開業1ヵ月目、好調なスタートに見えたが…
ラーメン屋で考えてみましょう。丼振さんの親戚、ドンブ・李さんは新規開店を目指して500万円を貯めました。さらに1000万円を銀行から借り入れ、気合十分です。
ドンブ・李さんは「高級店に負けない店にしたい」と、青森県で海岸そばの店舗を借り、内外装に徹底的にこだわることにしました。かかった費用は1000万円。厨房設備や食器を買ったら、100万円しか残りませんでした。
地鶏とウニをふんだんに使った「ウニ地鶏ラーメン」が看板メニューです。高級食材を使うため、値段は強気に1杯1500円としました。
できたラーメンは最高の味で、試食した人は誰もが絶賛します。ドンブ・李さんは自信満々の状態でオープンを迎えました。
高級路線の「ドンブ・李ラーメン」はテレビや新聞でも取り上げられ、毎日大盛況です。開業直後の1ヵ月間はとても忙しく、毎日くたくたでした。原価率は40%を超えていましたが、計画通りの400万円を売り上げ、150万円が手元に残りました。
成功を確信したドンブ・李さんはかねてから欲しかった高級車を購入し、頭金に150万円を払いました。生活も派手になって初期投資で残った100万円も使い切り、すっからかんです。

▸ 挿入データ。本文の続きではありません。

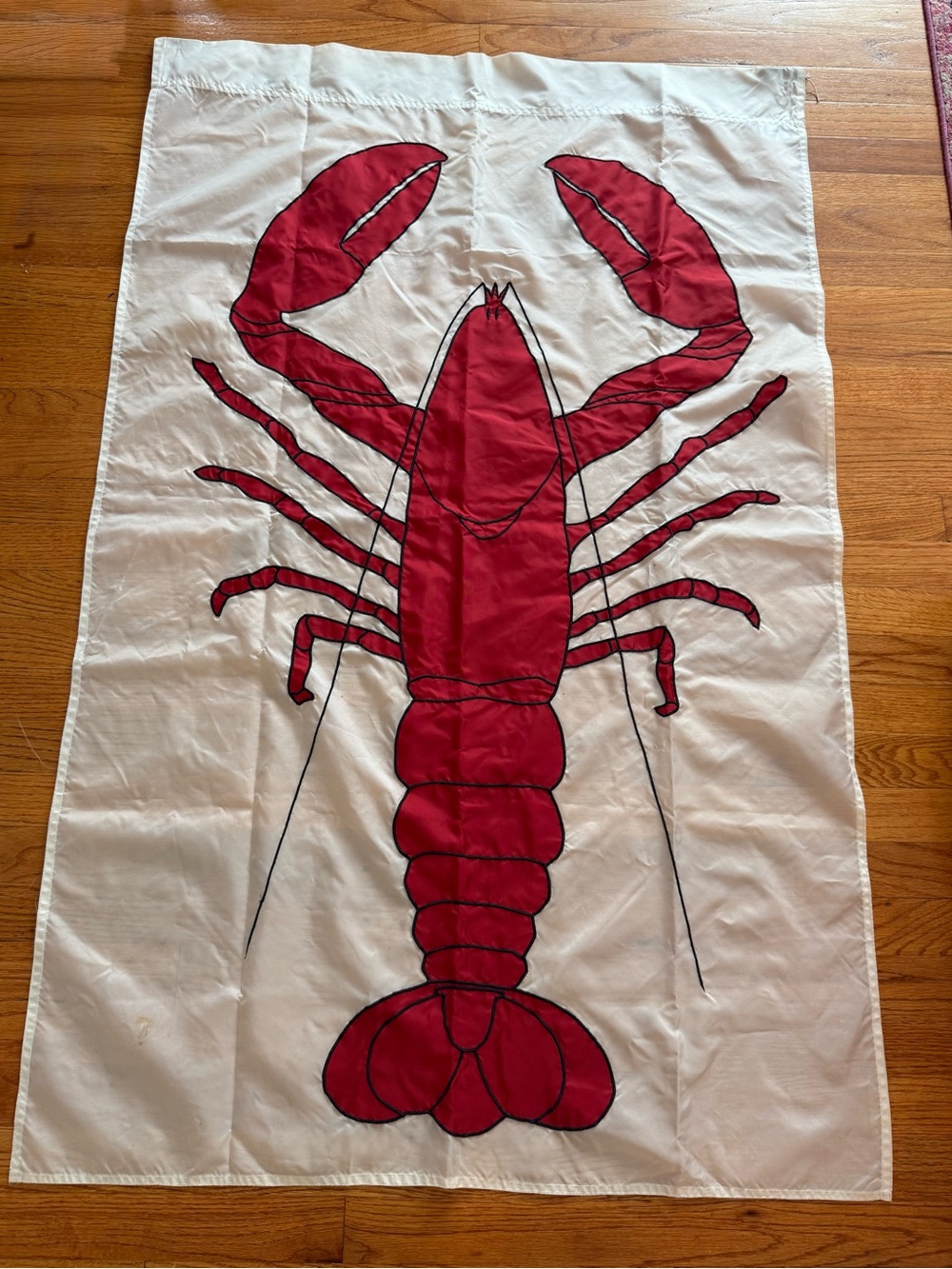VTG LOBSTER Banner Flag WALL HANGING  MAINE CAPE COD SUMMER RI USA 53 x 35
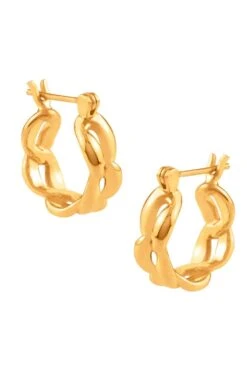 Misho Dazzling Gold Baby-link Huggy Hoops -Inca Sales Store 16124mo29 2
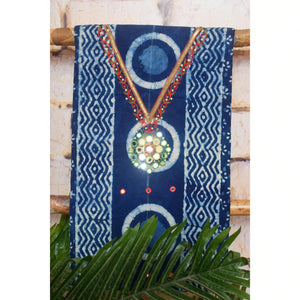 Indigo Mirror Work Kurti Fabric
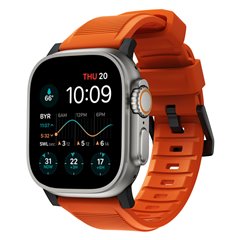 Nomad Rugged Band correa Apple Watch 42/44/45/49 mm naranja/negro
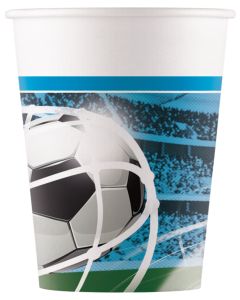 SOCCER FANS PAPER CUPS 200ML 8CT-PRO-93746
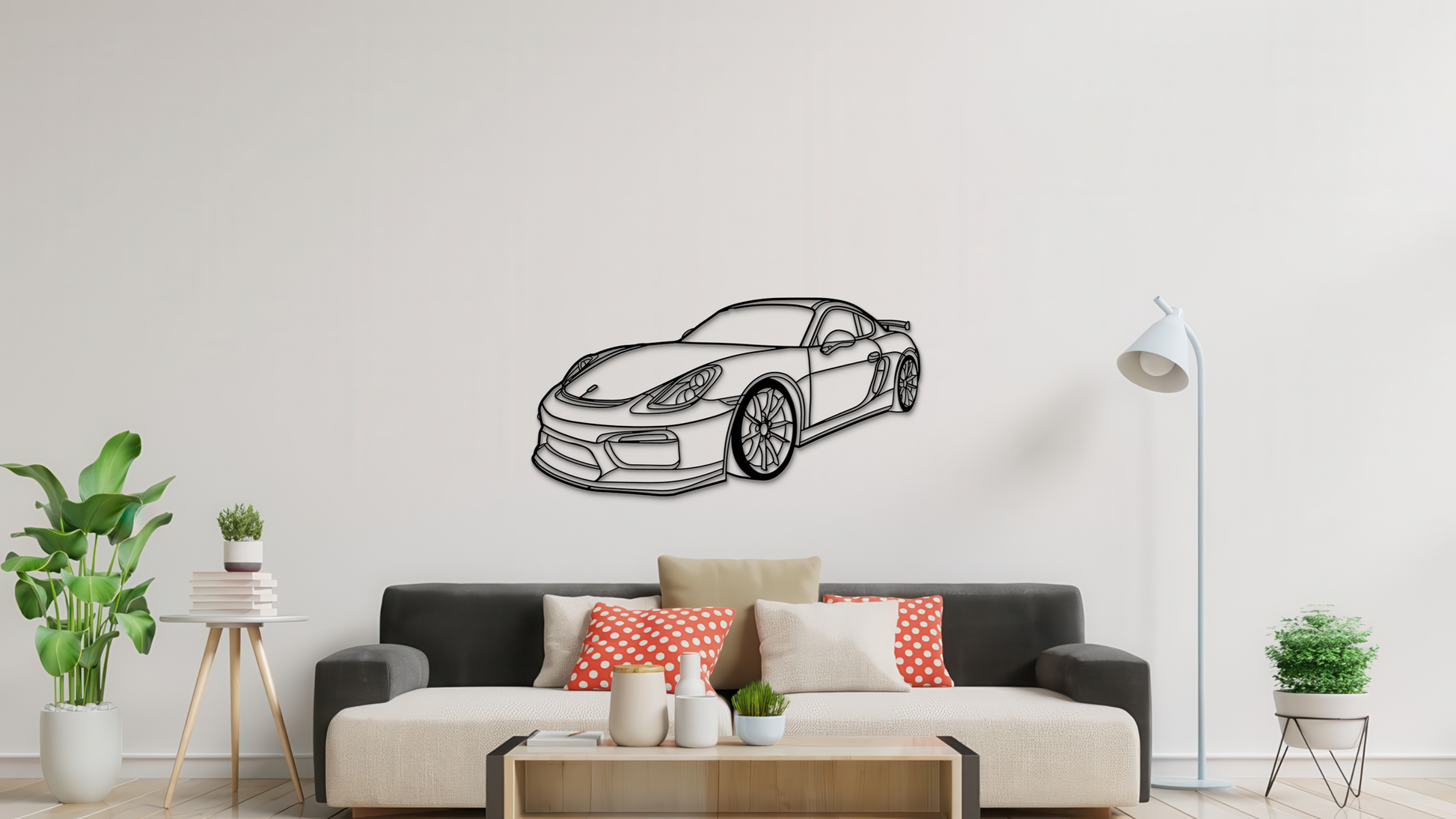 Porsche GT4 981 sideangle front
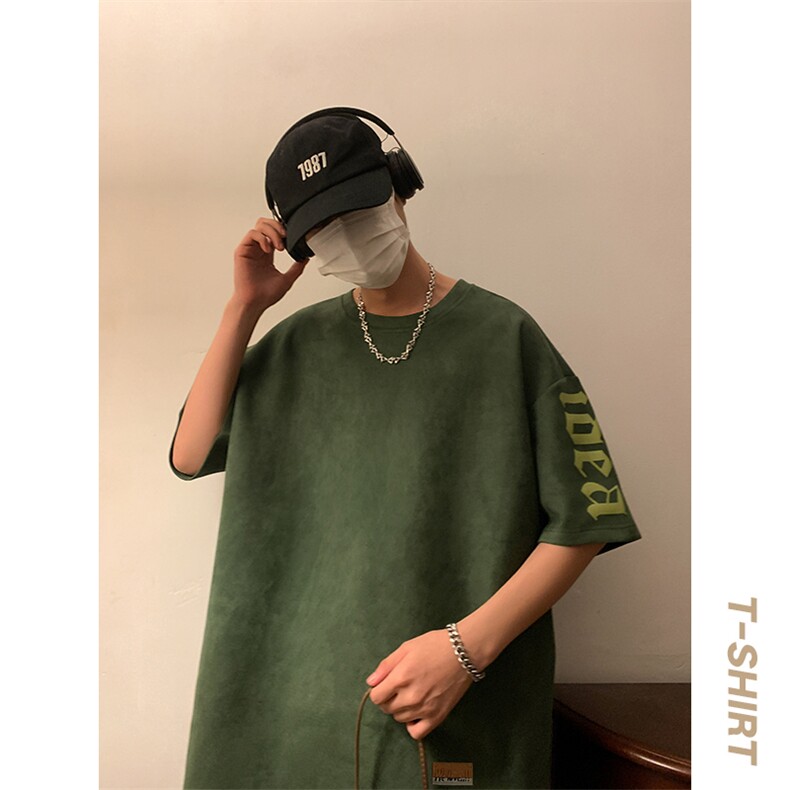 新款短袖男港风暖光夏季t恤休闲百搭印花圆领T恤男上衣TC3136-P35,男装T恤,星座717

迎えた2ヵ月目。客足は大幅に減りました。店のある海岸は、夏を除いて誰も来ません。話題性もなくなり、リピーターがちらほら訪れるだけになりました。お金は一向に増えませんが、請求書の期限は迫ります。資金不足が明らかなため、ドンブ・李さんは夜間のバイトを探すことにしました。
ラーメン「1000円の壁」とは
これは極端ですが、似たような例は珍しくありません。一般的な飲食店は、開店から1ヵ月は話題性で客足を集め、2ヵ月目で大幅に落ち込みます。
そこからリピーターを増やして軌道に乗せていくわけですが、その過程で赤字になってしまったり、資金が減ってしまったりすることはよくあります。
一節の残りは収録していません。